Although some progress has been made Hollywood continues to have a representation problem — especially when it comes to behind the camera. Some of the industry's top-grossing films are lacking in female directors, and those involved in creating and starring in television and film productions have continued to fight for equality, especially when it concerns the gender pay gap. Now, thanks to the actions of Crazy Rich Asians co-writer Adele Lim, there's renewed attention on the continued pay disparity in Hollywood.
The Hollywood Reporter reports that Lim, who co-wrote the first Crazy Rich Asians movie, stepped down from her job on the film's planned sequel after she discovered that her male counterpart working on the film made a reported eight to ten times more than her.
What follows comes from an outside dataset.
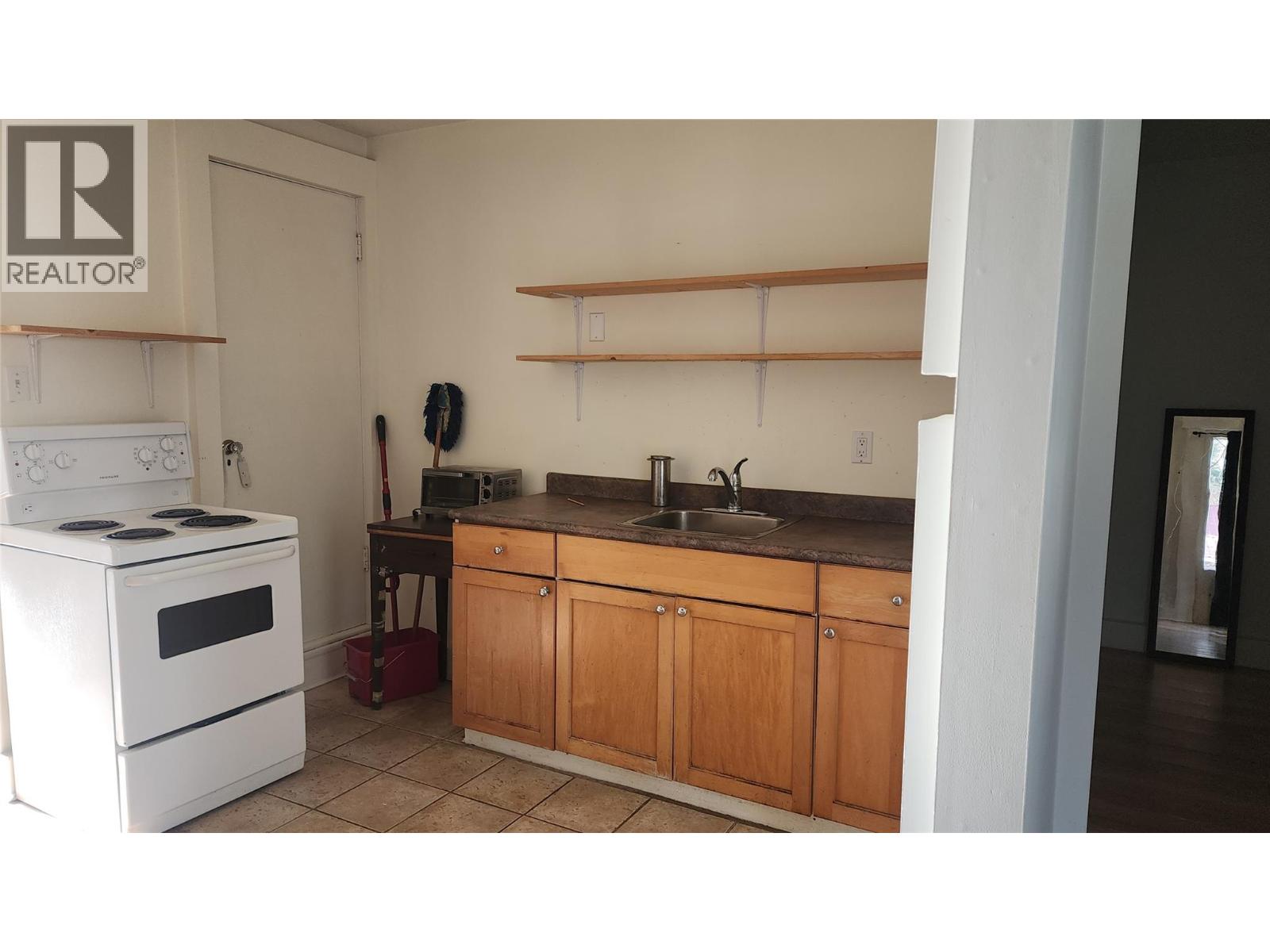 201 6th Avenue Nw, Nakusp, British Columbia  V0G 1R0 - Photo 12 - 10369777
Lim did not confirm her pay with The Hollywood Reporter, but sources told the publication that first offers for Lim were $110,000-plus, while offers for her male co-writer, Peter Chiarelli, were $800,000 to $1 million.
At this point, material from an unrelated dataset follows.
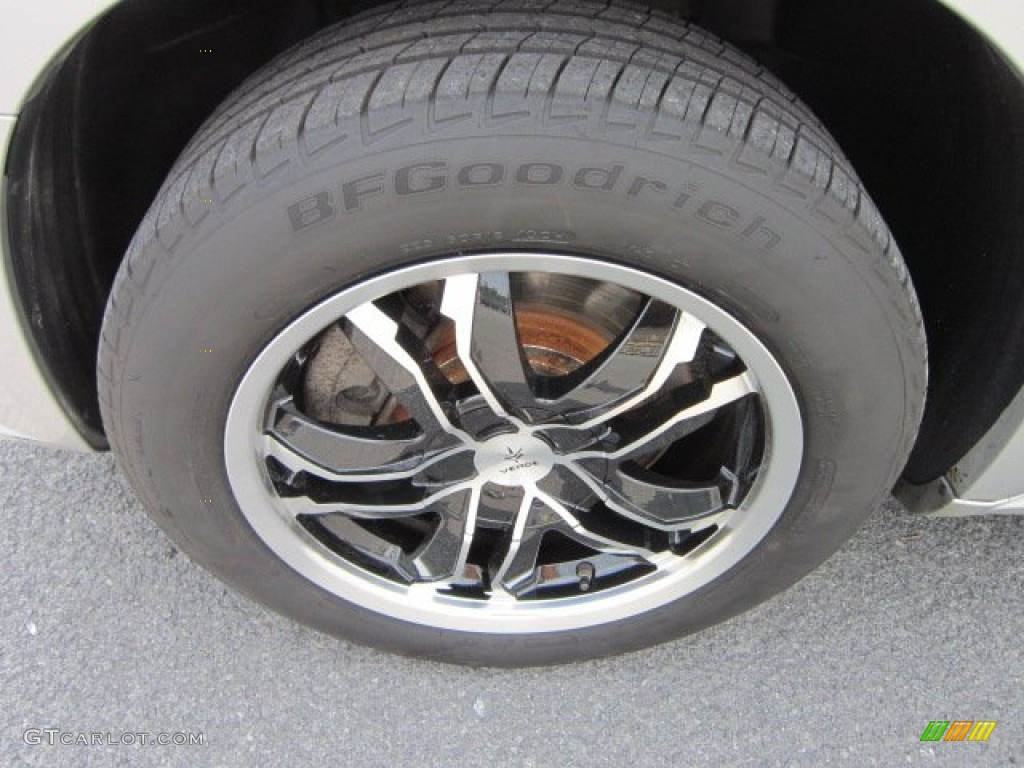 2006 Dodge Magnum R/T AWD Custom Wheels Photo #52685869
"Being evaluated that way can't help but make you feel that is how they view my contributions," she told THR. She went on to say that Hollywood often uses women and people of color as "soy sauce," or people hired to only add details of cultural significance.
As THR explained, Chiarelli, who's probably best known for writing the 2009 movie The Proposal, had been hired by Nina Jacobson and Brad Simpson of Color Force to adapt the book of the same name by Kevin Kwan. Lim later joined as a co-writer.
Lim reportedly made the decision to walk out on the sequel last fall. According to THR, the studio had attempted to find a replacement of Asian descent for the job for five months after Lim's departure, and when one wasn't found, a salary closer to Chiarelli's was offered to Lim. She declined.
According to Lim, Chiarelli had offered to split his fee with her, but she declined. Lim told THR that Warner Brothers representatives, the studio responsible for Crazy Rich Asians had defended the offer, calling the salary an "industry-standard established ranges based on experience and that making an exception would set a troubling precedent in the business."
Lim told The Hollywood Reporter that she remained concerned about what other non-men working in the industry are being paid, saying, "Pete has been nothing but incredibly gracious, but what I make shouldn't be dependent on the generosity of the white-guy writer. If I couldn't get pay equity after CRA, I can't imagine what it would be like for anyone else, given that the standard for how much you're worth is having established quotes from previous movies, which women of color would never have been [hired for]. There's no realistic way to achieve true equity that way."
Teen Vogue has reached out to Warner Bros. for comment.